■ **Data segment**
+ + + + +
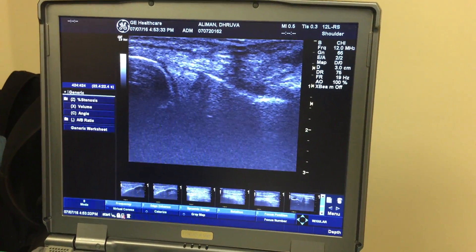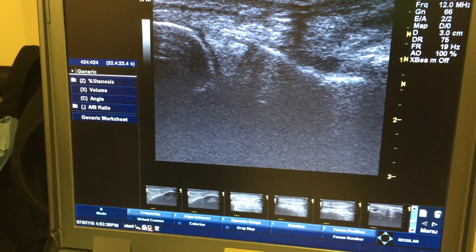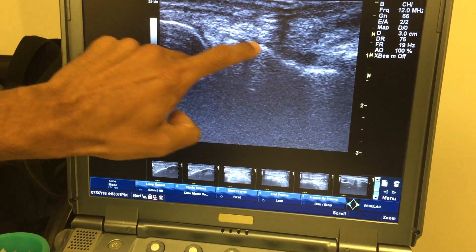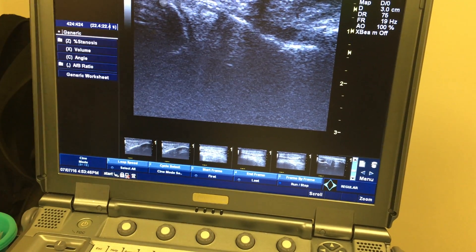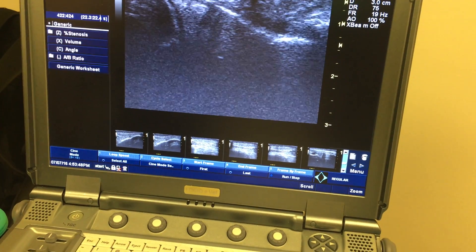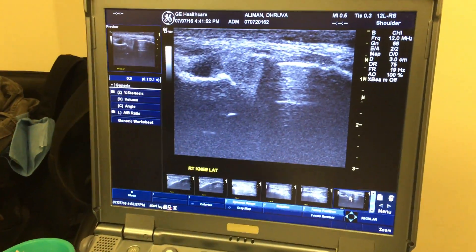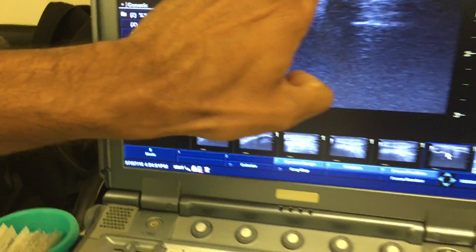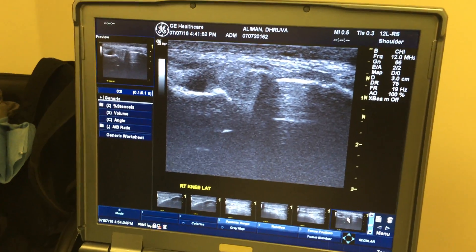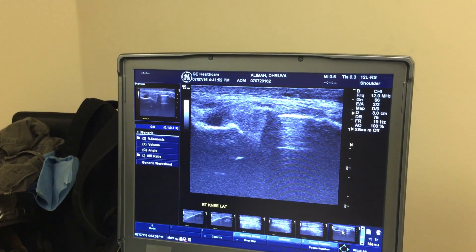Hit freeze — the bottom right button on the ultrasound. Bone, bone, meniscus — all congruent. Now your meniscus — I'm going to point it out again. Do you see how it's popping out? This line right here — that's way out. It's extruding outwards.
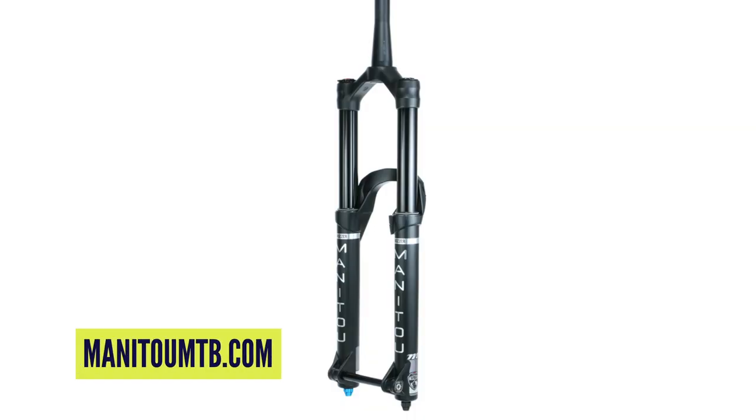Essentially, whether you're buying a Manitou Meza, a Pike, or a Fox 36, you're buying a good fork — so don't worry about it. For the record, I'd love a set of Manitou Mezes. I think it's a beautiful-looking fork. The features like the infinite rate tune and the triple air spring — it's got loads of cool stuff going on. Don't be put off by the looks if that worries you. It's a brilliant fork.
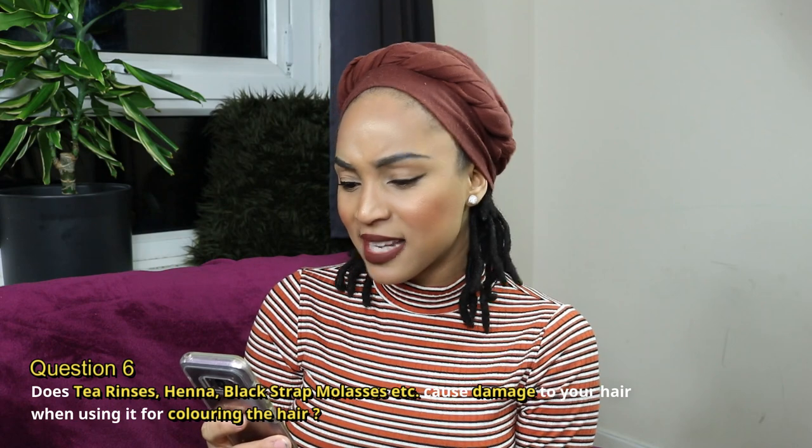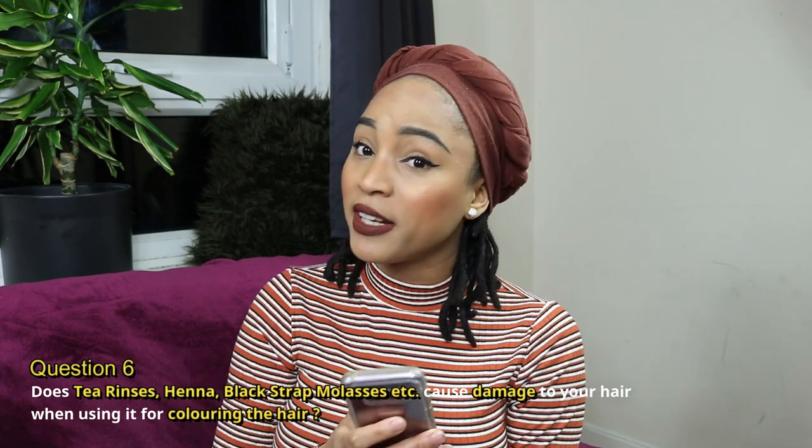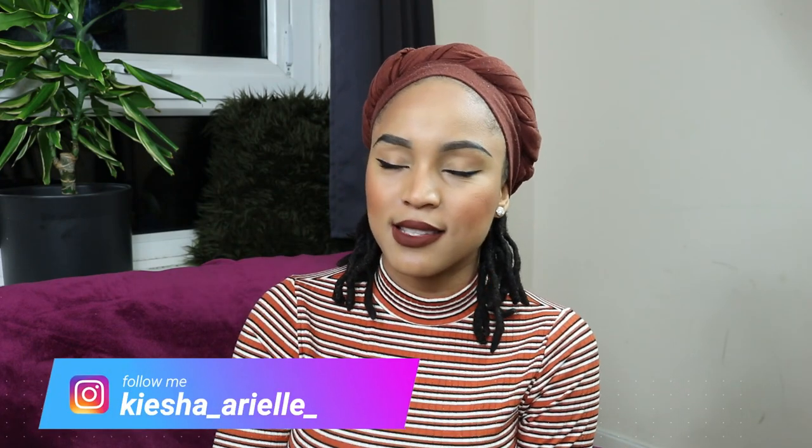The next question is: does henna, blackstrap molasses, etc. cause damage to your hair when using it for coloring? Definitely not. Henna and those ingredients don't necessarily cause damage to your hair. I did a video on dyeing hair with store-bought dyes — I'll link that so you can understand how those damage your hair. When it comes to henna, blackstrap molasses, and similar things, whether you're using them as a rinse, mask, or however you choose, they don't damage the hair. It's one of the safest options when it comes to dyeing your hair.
+ + + + +
An exact copy of all the lines above is required, with the pictures removed.

Hit freeze — the bottom right button on the ultrasound. Bone, bone, meniscus — all congruent. Now your meniscus — I'm going to point it out again. Do you see how it's popping out? This line right here — that's way out. It's extruding outwards.
Essentially, whether you're buying a Manitou Meza, a Pike, or a Fox 36, you're buying a good fork — so don't worry about it. For the record, I'd love a set of Manitou Mezes. I think it's a beautiful-looking fork. The features like the infinite rate tune and the triple air spring — it's got loads of cool stuff going on. Don't be put off by the looks if that worries you. It's a brilliant fork.
The next question is: does henna, blackstrap molasses, etc. cause damage to your hair when using it for coloring? Definitely not. Henna and those ingredients don't necessarily cause damage to your hair. I did a video on dyeing hair with store-bought dyes — I'll link that so you can understand how those damage your hair. When it comes to henna, blackstrap molasses, and similar things, whether you're using them as a rinse, mask, or however you choose, they don't damage the hair. It's one of the safest options when it comes to dyeing your hair.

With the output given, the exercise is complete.